When basic.ack arrives (via rabbit_amqqueue_process):
ack(SeqIds, State) ->
{AllMsgIds, State1} = lists:foldl(
fun(SeqId, {Acc, S}) ->
case maps:take(SeqId, S#vq.ram_pending_ack) of
{Msg, RPA} ->
%% In RAM: ack directly
...remove from index...
{[mc:get_annotation(id, Msg) | Acc], S#vq{ram_pending_ack = RPA}};
error ->
%% On disk: look up in disk_pending_ack
...remove from disk store...
end
end, {[], State}, SeqIds),
{AllMsgIds, State1}.
Paging: Moving Between RAM and Disk #
Paging is triggered when the queue’s RAM usage exceeds limits. The needs_timeout/1 callback tells rabbit_amqqueue_process whether the VQ needs to be ticked (to perform background paging).
Paging moves messages from Q1 (in-memory, front of queue) to the delta structure (on-disk spine). The delta record is:
-record(delta, {
start_seq_id, %% SeqId of first on-disk message
count, %% number of messages on disk
transient, %% count of transient (non-persistent) messages on disk
end_seq_id %% SeqId after last on-disk message
}).
On prefetch/delivery, messages are loaded from delta into Q3 (in-memory, loaded from disk, index-referenced) and eventually into Q4 (in-memory, ready for delivery).

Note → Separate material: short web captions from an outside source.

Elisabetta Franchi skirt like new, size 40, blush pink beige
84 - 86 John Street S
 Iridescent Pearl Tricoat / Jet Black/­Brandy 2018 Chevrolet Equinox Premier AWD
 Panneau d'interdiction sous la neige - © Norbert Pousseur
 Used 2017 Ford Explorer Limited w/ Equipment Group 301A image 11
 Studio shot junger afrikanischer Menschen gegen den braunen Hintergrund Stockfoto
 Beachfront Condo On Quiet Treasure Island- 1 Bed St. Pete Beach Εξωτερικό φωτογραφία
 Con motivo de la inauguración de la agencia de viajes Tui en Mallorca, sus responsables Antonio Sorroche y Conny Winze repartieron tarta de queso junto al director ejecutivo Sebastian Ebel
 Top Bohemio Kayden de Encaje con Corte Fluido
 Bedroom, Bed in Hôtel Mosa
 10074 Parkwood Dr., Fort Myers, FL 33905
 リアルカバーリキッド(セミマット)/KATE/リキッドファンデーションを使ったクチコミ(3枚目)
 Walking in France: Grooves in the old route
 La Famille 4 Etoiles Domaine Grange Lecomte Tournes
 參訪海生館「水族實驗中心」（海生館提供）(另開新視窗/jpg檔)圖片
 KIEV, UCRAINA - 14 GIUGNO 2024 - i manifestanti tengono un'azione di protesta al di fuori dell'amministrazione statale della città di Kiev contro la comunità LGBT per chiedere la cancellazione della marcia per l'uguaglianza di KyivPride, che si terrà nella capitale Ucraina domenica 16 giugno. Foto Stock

Clean vs Dirty Shutdown Recovery #
On clean shutdown (broker gracefully stopped), VQ saves its state to a terms file:
%% Saved: next_seq_id, redeliver_seq_id, persistent message count, msg_store refs
On startup with a terms file (clean shutdown detected), the queue can skip full index replay and start quickly. On dirty recovery (crash), the queue must replay the entire index from disk, re-building the in-memory VQ state from segment files.
The rabbit_msg_store also distinguishes clean vs dirty shutdown: a clean shutdown marker file exists → trust saved index state. No marker → replay from scratch.
The rabbit_amqqueue_process Owner #
rabbit_variable_queue is not a process — it is a data structure updated by rabbit_amqqueue_process. Every VQ operation is a synchronous function call inside the queue process. This means:
- All VQ state changes are single-threaded (one queue process, one VQ state).
- High publish rates create a bottleneck at the queue process — all publishers to one queue serialize through one Erlang process.
- This is the fundamental throughput limit of classic queues under high concurrency.
Quorum queues (next chapter) address this differently: Ra batches commands across multiple processes and applies them to the rabbit_fifo state machine.
Summary #
rabbit_variable_queue manages classic queue storage via a four-zone (Q1–Q4 + delta) ram/disk split. The queue index v2 stores per-queue message metadata in segment files. Small message bodies go to rabbit_classic_queue_store_v2 (per-queue); large bodies go to the shared rabbit_msg_store (per-vhost, reference-counted). Pending acks are tracked by seq_id in ram_pending_ack (full message in RAM) and disk_pending_ack (body on disk, reference only). Clean shutdown saves a terms file for fast restart; dirty recovery replays the full index. All VQ operations are single-threaded within rabbit_amqqueue_process.